Telithromycin is bound to serum proteins,
approximately 70% of the molecule is protein bound. The main protein involved
is human serum albumin (45-49%), accounting for a concentration of 2.4 mg/L,
with ?1-acid glycoprotein (12-30%) and liporoteins being responsible
fort he remaining part.

 The
big part of the metabolism is made by the cytochrome P450 3A4 system, and the
other part is made by cytochrome P450-independent mechanisms. Of the systemically
available drug, 7% is excreted in the feces, 13% is excreted in the urine, and
37% is metabolized by the liver.

There is an increase in renal
elimination in patients with hepatic insufficiency. But, patients that have
hepatic impairment and  renal impairment ,
the dosage should be decreased to half of the previous dosage.

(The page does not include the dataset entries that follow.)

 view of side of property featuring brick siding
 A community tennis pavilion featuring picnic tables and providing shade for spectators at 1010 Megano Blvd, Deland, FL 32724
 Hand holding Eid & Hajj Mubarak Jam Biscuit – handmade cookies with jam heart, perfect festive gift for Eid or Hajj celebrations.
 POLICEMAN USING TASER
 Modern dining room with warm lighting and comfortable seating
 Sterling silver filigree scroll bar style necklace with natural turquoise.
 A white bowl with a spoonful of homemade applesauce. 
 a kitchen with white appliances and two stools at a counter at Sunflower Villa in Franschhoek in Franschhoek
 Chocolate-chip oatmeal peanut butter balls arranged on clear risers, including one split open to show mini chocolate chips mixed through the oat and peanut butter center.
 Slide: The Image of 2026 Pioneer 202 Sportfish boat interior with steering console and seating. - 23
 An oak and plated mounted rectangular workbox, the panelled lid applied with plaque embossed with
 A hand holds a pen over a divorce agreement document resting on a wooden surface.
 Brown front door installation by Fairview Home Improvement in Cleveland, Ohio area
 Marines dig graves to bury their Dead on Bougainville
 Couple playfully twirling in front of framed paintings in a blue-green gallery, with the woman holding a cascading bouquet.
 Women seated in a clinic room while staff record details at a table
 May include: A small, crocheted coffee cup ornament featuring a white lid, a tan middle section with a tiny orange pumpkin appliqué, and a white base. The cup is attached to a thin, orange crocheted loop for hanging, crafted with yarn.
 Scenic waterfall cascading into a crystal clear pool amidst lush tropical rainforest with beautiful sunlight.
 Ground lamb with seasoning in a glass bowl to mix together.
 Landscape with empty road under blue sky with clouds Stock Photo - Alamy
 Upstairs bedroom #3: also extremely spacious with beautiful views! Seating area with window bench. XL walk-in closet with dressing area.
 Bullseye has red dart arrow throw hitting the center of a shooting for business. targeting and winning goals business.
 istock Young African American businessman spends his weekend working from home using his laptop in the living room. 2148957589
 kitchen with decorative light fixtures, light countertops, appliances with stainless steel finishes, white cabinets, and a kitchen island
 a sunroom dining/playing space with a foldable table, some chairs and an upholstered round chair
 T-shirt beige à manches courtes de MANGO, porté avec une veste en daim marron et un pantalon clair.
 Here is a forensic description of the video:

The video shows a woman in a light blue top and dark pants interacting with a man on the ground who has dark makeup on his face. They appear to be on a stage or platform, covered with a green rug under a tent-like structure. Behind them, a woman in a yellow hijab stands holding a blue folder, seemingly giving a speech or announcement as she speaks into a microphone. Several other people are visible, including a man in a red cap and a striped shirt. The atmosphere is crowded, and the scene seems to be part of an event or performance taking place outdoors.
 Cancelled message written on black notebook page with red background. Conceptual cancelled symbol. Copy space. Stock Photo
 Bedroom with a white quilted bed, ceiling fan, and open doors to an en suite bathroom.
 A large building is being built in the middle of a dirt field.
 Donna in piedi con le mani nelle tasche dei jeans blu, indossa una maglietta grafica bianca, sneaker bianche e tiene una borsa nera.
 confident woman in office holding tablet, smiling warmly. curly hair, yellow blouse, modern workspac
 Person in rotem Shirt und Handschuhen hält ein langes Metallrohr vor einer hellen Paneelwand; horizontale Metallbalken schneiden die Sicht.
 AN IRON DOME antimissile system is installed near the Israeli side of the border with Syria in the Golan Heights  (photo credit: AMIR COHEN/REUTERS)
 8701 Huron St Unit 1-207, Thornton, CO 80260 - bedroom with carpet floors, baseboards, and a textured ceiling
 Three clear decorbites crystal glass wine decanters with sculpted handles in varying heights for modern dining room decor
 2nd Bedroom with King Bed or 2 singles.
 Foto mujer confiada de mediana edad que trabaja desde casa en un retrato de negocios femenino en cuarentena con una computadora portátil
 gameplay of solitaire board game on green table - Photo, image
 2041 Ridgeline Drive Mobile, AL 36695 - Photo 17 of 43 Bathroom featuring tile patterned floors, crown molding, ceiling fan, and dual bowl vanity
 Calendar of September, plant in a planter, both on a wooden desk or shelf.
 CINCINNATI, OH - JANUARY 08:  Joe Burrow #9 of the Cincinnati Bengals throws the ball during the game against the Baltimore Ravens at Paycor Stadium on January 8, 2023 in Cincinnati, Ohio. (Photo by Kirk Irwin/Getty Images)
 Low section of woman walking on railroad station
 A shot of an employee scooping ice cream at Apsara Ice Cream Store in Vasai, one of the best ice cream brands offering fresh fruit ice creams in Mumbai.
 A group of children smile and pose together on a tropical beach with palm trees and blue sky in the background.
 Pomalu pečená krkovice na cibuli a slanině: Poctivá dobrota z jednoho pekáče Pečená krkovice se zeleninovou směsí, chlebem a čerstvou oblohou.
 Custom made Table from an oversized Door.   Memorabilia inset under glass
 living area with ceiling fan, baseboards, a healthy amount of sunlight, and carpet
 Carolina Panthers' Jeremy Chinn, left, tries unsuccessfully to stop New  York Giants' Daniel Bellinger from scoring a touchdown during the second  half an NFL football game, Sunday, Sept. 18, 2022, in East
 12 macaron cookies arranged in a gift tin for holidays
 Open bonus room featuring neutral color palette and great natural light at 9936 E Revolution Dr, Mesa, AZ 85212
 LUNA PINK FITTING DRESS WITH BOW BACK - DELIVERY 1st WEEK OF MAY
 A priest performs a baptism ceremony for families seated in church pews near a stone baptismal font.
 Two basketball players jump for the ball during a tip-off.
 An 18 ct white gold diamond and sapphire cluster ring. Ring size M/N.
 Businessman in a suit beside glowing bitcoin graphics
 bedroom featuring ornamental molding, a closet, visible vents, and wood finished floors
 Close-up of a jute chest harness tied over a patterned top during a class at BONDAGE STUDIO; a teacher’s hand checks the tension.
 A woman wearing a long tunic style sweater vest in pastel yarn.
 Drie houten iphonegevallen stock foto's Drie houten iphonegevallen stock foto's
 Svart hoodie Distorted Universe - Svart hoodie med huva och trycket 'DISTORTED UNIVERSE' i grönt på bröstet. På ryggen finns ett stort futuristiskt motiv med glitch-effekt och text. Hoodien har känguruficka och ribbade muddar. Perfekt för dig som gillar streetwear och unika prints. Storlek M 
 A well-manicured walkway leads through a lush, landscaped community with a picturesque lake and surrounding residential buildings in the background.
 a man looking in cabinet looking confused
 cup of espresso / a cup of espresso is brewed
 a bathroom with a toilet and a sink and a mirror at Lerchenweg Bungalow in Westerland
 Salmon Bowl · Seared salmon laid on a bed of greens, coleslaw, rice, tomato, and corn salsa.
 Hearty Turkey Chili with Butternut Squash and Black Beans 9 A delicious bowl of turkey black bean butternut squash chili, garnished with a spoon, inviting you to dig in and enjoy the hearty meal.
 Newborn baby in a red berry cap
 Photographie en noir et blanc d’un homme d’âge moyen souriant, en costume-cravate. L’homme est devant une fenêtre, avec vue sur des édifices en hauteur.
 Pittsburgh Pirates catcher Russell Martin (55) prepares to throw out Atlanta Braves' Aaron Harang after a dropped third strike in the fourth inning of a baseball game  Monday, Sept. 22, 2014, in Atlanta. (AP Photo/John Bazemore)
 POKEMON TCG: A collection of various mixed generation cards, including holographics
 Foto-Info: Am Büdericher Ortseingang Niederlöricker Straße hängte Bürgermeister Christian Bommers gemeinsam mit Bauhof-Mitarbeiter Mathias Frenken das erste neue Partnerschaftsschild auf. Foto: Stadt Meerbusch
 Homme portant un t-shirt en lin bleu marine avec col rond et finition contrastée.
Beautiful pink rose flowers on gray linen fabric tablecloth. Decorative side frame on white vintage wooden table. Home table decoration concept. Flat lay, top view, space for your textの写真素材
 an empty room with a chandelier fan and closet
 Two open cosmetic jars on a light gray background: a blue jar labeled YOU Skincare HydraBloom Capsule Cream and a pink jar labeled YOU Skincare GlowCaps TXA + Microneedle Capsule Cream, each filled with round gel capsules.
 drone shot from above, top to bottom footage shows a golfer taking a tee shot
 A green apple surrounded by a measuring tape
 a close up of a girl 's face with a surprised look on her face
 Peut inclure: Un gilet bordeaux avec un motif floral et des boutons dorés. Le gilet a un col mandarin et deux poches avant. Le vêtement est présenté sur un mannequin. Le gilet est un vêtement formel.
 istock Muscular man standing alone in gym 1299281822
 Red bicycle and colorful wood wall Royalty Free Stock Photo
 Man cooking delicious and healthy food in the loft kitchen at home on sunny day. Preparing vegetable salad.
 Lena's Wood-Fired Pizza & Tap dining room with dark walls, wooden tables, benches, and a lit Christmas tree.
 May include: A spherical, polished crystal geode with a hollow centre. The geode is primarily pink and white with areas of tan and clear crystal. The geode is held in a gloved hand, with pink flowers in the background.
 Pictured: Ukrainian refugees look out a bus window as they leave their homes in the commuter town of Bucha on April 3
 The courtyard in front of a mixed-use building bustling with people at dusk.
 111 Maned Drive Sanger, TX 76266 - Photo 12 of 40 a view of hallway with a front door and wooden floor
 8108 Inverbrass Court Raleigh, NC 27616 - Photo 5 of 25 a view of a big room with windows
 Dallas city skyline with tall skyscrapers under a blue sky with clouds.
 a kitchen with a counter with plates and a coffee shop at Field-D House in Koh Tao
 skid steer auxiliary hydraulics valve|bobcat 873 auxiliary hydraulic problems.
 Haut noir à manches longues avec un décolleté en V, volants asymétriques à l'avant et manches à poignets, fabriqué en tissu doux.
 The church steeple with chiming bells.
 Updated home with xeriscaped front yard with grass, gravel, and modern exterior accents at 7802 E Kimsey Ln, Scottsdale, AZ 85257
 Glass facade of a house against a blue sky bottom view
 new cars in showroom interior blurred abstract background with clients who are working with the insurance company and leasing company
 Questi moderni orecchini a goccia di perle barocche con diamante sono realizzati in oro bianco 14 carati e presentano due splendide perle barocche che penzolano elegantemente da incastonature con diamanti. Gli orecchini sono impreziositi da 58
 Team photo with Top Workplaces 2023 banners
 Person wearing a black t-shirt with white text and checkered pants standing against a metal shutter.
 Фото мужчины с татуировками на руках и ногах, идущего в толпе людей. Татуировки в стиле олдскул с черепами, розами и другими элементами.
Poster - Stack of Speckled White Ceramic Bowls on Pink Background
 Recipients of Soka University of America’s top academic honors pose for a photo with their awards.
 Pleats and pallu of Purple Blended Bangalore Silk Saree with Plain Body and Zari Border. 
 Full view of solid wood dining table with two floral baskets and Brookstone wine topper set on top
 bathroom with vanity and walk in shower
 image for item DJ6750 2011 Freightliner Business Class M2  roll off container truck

The availability of multiple routes of elimination
reduces the impact of isolated renal or hepatic insufficiency on drug
accumulation. Higher intracellular concentrations of telithromycin can help for
curing  intracellular pathogens.

8.DRUG-DRUG INTERACTIONS

Telithromycin has inhibitory effect of
the cytochrome P450 system. Therefore, levels of lots of drugs are enhanced by
telithromycin.  It is contraindicated to
give telithromycin to patients taking pimozide or cisapride. When telithromycin
is gived to patients, later simvastatin, lovastatin, and atorvastatin should be
stopped during the telithromycin treatment. Administration of telithromycin and
theophylline with together could
aggravate gastrointestinal adverse effects such as nausea and vomiting.
If coadministration of drugs is necessary, they could be administered 1 hour
apart. Telithromycin reduces sotalol level by reducing its absorption.

 

 

 

 

 

 

 

 

 

 

Tablo 2. Drug-drug interactions with
telithromycin

 

9.CONCLUSIONS

Telithromycin is a ketolide
that has some chemical differents from the classic macrolide antibiotics. It
has more activity than erythromycin against macrolide-sensitive organisms.
Telithromycin has a good activity on several erythromycin resistant patogen strains
such as S. aureus and S. Pyogenes.

In vitro studies showed that
telithromycin has similar activity with azithromycin.Clinical studies support
the using of telithromycin to treatment of mild-to-moderate CAP, AECB, and
acute bacterial sinusitis. FDA is confirmed telithromycin for the treatment of mild-to-moderate
CAP. Gemifloxacin, gatifloxacin, and levofloxacin are also agents that using
the treatment of CAP. The activity profile of telithromycin is similar to other
commonly used oral antimicrobial agents. The concentrations of telithromycin in
respiratory tissues and fluids suggest that it will offer an effective
treatment for lower RTIs caused by common pathogens.